Debate rages over whether the North Atlantic Treaty Organization’s (NATO) air war against Serbia was a success or failure. But one thing is certain: that war resulted from a prior failure of NATO policy. The goal was to prevent the escalation of conflict, and to achieve a political settlement that got “Serbia out of Kosovo, not Kosovo out of Serbia,” without having to use force. As intended, the KLA’s insurgency in Kosovo had provoked Belgrade’s ham-fisted repression tactics. The Serb military police (MUP) and the Yugoslav National Army (VJ) killed innocent civilians and loosed a flood of refugees wherever they went: 42,000 by June, 100,000 by August, and over 200,000 by October 1998. The Racak Massacre in January 1999 captured public attention and triggered a more vigorous international response.

At the Rambouillet (February 6-23) and Paris (March 15-19) Conferences, NATO threatened to bomb Serbia if it did not accept the Contact Group’s (composed of Britain, France, Germany, Italy, Russia, and the US) interim political settlement and NATO’s plan to enforce it with armed peacekeepers. These threats did not compel Serbia to sign the agreements, and they did not deter it from launching “Operation Horseshoe,” a brutal offensive that displaced hundreds of thousands of Kosovo Albanians (Kosovars).
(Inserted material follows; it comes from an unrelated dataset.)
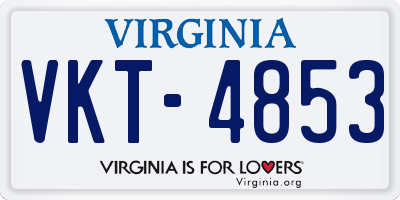 VA license plate VKT4853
Belgrade’s decisions were the most visible failures of NATO’s coercive diplomacy, but they were not the only ones. What made enforced negotiations at Rambouillet necessary was a breakdown of the cease-fire NATO imposed in October 1998. Under the threat of air-strikes, Serbia agreed to withdraw or stand-down most of its forces in Kosovo. Then, deterring the Kosovo Liberation Army (KLA) from provocations became crucial to NATO’s policy, a necessary condition for real progress in negotiations between Belgrade and Kosovar moderates. NATO failed to do this. That failure must be addressed if we are to understand why NATO did not prevent the war.

It is tempting to ignore it now that the war is won, refugees have returned, NATO controls Kosovo, and Milosevic is out of power. The temptation is strongest for those who uncritically subscribe to the official Clinton Administration view that “the responsibility for violence” in Kosovo lay “squarely with Belgrade,” that the KLA was “created” by the “extremist measures” of Serb forces. Comparing this view with boilerplate KLA propaganda (“the source and cause of all evil is in Belgrade—the military actions of KLA are only of a defense nature”) should at least give us pause.

If we want to understand why NATO’s policy to prevent the war did not work, we must explain why NATO failed to deter the KLA from escalating. This is not to assert a “moral equivalency” between what the KLA did in Kosovo and what Serb forces did. But it is wrong to infer from Serb atrocities that the KLA was not aggressive, that it did not also need to be deterred. If we do that we assume away NATO’s strategic problem, not understand it.